Karsh’s book argues forcefully that Islam is imperialistic in nature, forcing itself on Pakistan, Iran, Iraq, Syria and Egypt for secular colonialist rewards such as money and territory. He presents Islam as a religion driven by power, materialism and conquest and contends that imperialist ambitions are inherent in its tradition and history. He claims that Muhammad was able “to cloak his political ambitions with a religious aura.” In my view, his thesis is worthwhile and compelling for many reasons, yet it remains overly ambitious. The problem is that Karsh doesn’t take the religious side of Islam seriously. Rather, he paints a picture of militant Arab forces using religion as a guise for world dominance. This monocausal explanation for Islamic expansion focuses almost entirely on instrumental terms and overlooks the religion of Islam.
Armstrong attempts to introduce the life and teachings of the prophet to a Western audience that has little knowledge of Islam. In typical fashion, she aims to take the edge off ideas, histories and practices that moderns may find offensive. By glossing over some of Islam’s more troubling historical moments, she understates the more violent encounters in the early growth of the tradition (such as the beheading of 800 Jewish men in Medina and assassinations of fellow Muslims). Sword and faith were part of the formula for Islamic expansion, but Armstrong tends to spiritualize jihad throughout her book, interpreting it almost solely as an internal struggle for self-improvement.

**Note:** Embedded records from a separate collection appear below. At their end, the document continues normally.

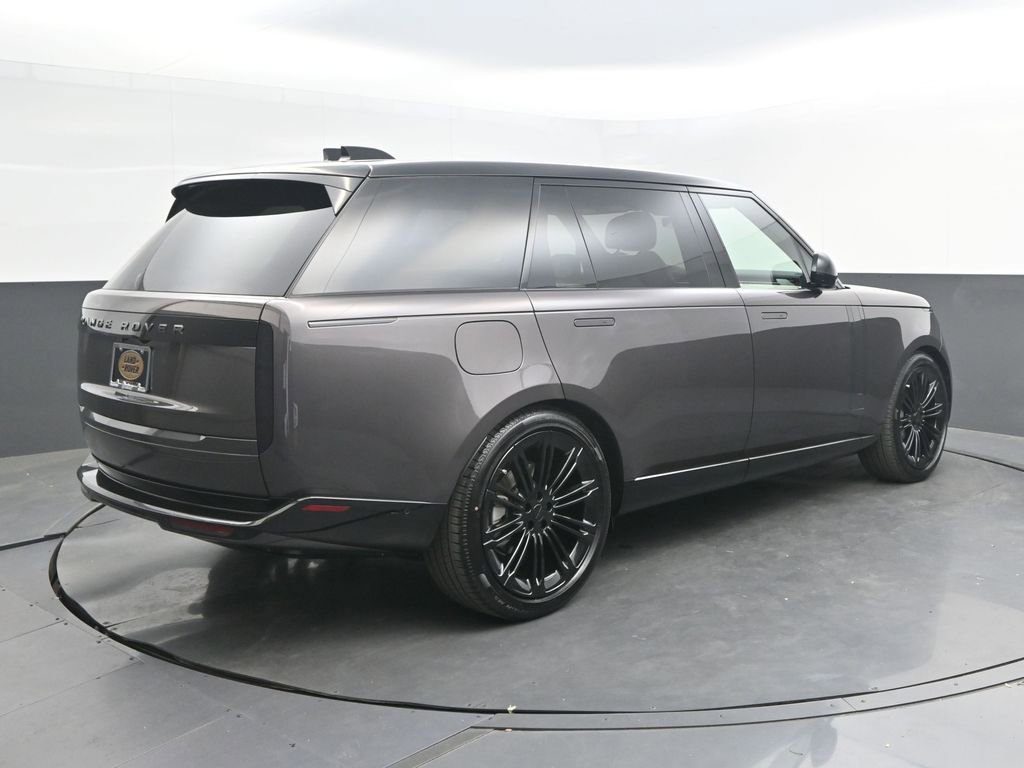 New 2026 Land Rover Range Rover Long Wheelbase SE AWD/4WD image 7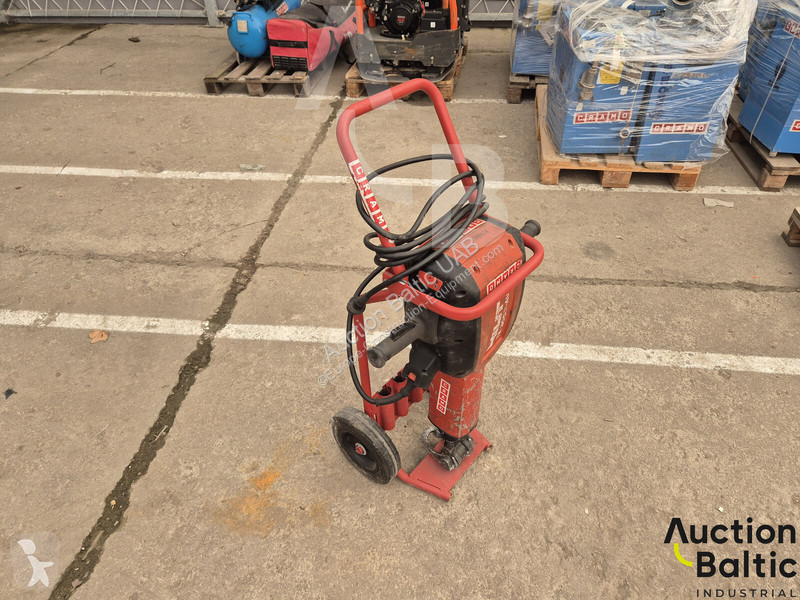 Echipamente pentru lucrari rutiere  TE 3000-AVR
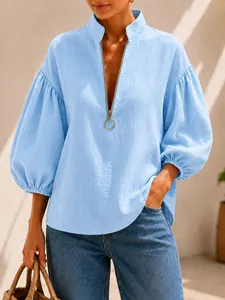 Casual lichtblauwe blouse met V-hals, metalen rits en stijlvolle lantaarnmouwen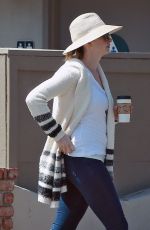ANNE HATHAWAY Out for Coffee in Los Angeles 09/05/2016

In trying to valorize Islam for a Western audience, Armstrong fails to take Islamic history seriously enough. Whereas Karsh shortchanges the religion of Islam, Armstrong skirts portions of early Islamic history that challenge her thesis.
A third option is to move beyond understanding Islam as solely a religion of peace or a religion of violence. Interpreting the relationship between Islam and the West requires taking both history and religion seriously. While early Islam did in fact use physical force, even employing Quranic injunctions to legitimate such force, the history of Islam in the post-colonial period shows the failure of political Islam and the burgeoning of an immense diversity of Muslim voices that continues to influence the self-understanding of Muslims living under modern social, political and economic conditions.
The first lesson about Islam for many Westerners is that it’s not a single cultural, political or religious entity. Since the beginning of its history, Islam has undergone significant tensions within the ummah (Muslim community) itself. In the modern world identities consist of more than single religious or ethnic selves.
In the post-colonial period, Muslims of all stripes are seeking representation and authenticity in ways that vary according to historical experience, economic, political, and social realities, and the relationship to European colonialism and Baywatch culture. On the one hand, there are strong anti-American declarations and actions from extremist Islamist groups, even though they represent only a small minority of Muslim opinion. All too often the West presumes them to be the legitimate voice of the entire Muslim community.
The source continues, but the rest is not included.